As President Barack Obama’s term of office comes to a close, a new issue percolates in Washington: What end-of-term rules (also known as midnight regulations) will his administration produce?

Given the president’s prolific executive lawmaking, will Congress be able to stop them?

“The federal lawmaking process should be simple,” says Rep. Markwayne Mullin, R-Okla. “The legislative branch writes the laws, and the executive branch enforces them”—emphasis on “should be simple.”

Federal agencies under Obama have added scads of new regulations that dwarf Congress’ annual output of new federal laws. During Obama’s first five years in office, federal agencies added 17,522 pages of regulations, an average of 3,504 per year (compared with an average of 2,490 during the Bush administration).

Looking to the end of Obama’s term, scholars at the Mercatus Center have identified at least 50 potential midnight regulations, each of which could have an impact on the economy exceeding $100 million.

This list alone shows an alphabet soup of several federal agencies that are all potentially seeking to rush out rules before Obama leaves office:

  • Architectural and Transportation Barriers Compliance Board (ATBCB)
  • Department of Homeland Security (DHS)
  • Department of the Interior (DOI)
  • Department of Energy (DOE)
  • Department of Labor (DOL)
  • Department of Transportation (DOT)
  • Environmental Protection Agency (EPA)
  • Department of Health & Human Services (HHS)

These range from the Department of Transportation’s “Public Transportation Agency Safety Plan” and more emissions regulations to the Department of Energy regulations on everything from ceiling fans to residential dishwashers, furnaces, dehumidifiers—even “Certain Small Diameter, Elliptical Reflector, and Bulged Reflector Incandescent Reflector Lamps.”

Last year was a record-setting year for new regulations, and 2016 could easily top that if Congress does not reclaim its legislative supremacy over the administrative state. The 2015 Federal Register, where federal agencies’ proposed and final rules are published, boasts 82,035 pages. This is more than any year since 1936—when President Franklin D. Roosevelt’s massive regulatory expansion, The New Deal, was at its peak.

Last year also saw 3,408 agency regulations, far outdoing Congress’ output of 87 bills “by of a factor of 39.” It has been estimated (although no one really knows for sure) that there are more than 300,000 federal regulations that carry potential criminal penalties for violations.

There is no telling what new last-minute criminal regulations will be adopted as Obama prepares to leave office.
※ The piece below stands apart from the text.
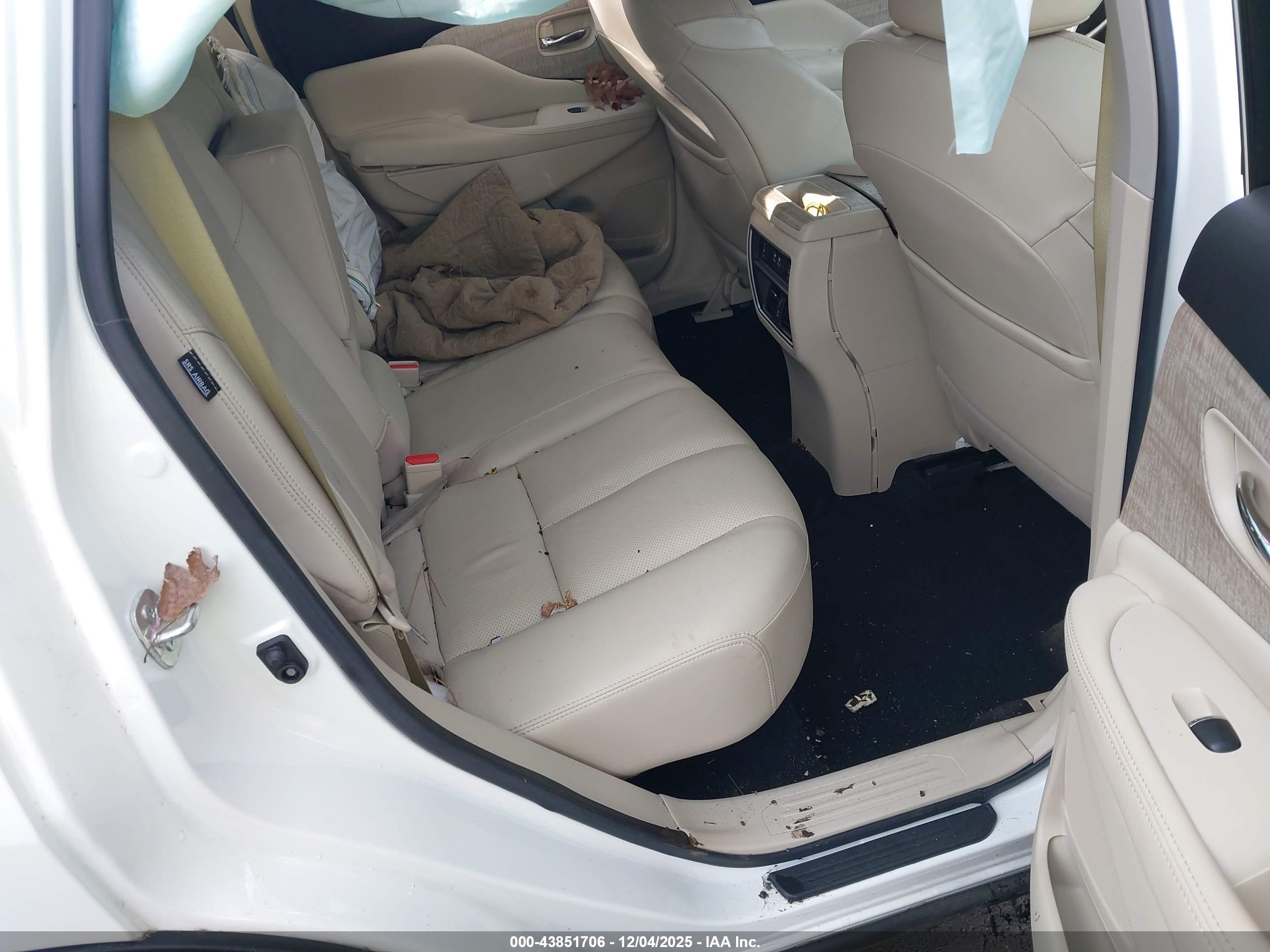NISSAN MURANO image 8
If history is any guide, though, the end of a presidential tenure is likely to produce some unwelcome surprises.

Much to the relief of the average residential dishwasher owner or small business owner, Rep. Tim Walberg, R-Mich., introduced The Midnight Rule Relief Bill in late February, which would set a moratorium on agency rulemaking from the day after the election of a new president until after inauguration day.

The bill would pre-empt any rulemaking unless it is proven not to result in any of four outcomes:

(1) An annual effect on the economy of $100,000,000 or more. (2) A major increase in costs or prices for consumers, individual industries, Federal, State, or local government agencies, or geographic regions. (3) Significant adverse effects on competition, employment, investment, productivity, innovation, or on the ability of United States-based enterprises to compete with foreign-based enterprises in domestic and export markets. (4) A significant economic impact on a substantial number of small businesses.

The bill includes exceptions for cases in which the president issues an executive order asserting that the rule is necessary “because of an imminent threat to health or safety or other emergency; … for the enforcement of criminal laws; … national security,” or for “implementing an international trade agreement.”

Obama might veto a bill that limits his administration’s ability to promulgate regulations—but a veto would not necessarily kill the bill. The U.S. Constitution provides that before a bill can become law, it must pass both houses of Congress and be sent to the president for approval. If the president vetoes the bill, Congress can override that veto with a two-thirds vote in both houses of Congress.

Even if it is vetoed, The Midnight Rule Relief Bill gives voters one if not two opportunities to see their representatives vote on a bill that would curtail the executive branch’s power to write law.

Voters can use that to gauge how their representatives value the Constitution’s separation of powers—specifically, the value of protecting their prerogative to exercise “all legislative powers [t]herein granted,” rather than delegating that prerogative to agencies.

The Midnight Rule Relief Bill presents Congress with an opportunity to begin to reclaim its authority to consider new regulations, which have the full force and effect of laws, that will have a dramatic impact on our economy, and to consider these laws in due course, not as the president packs his bags and vacates the White House. In either case, the bill is worthy of consideration.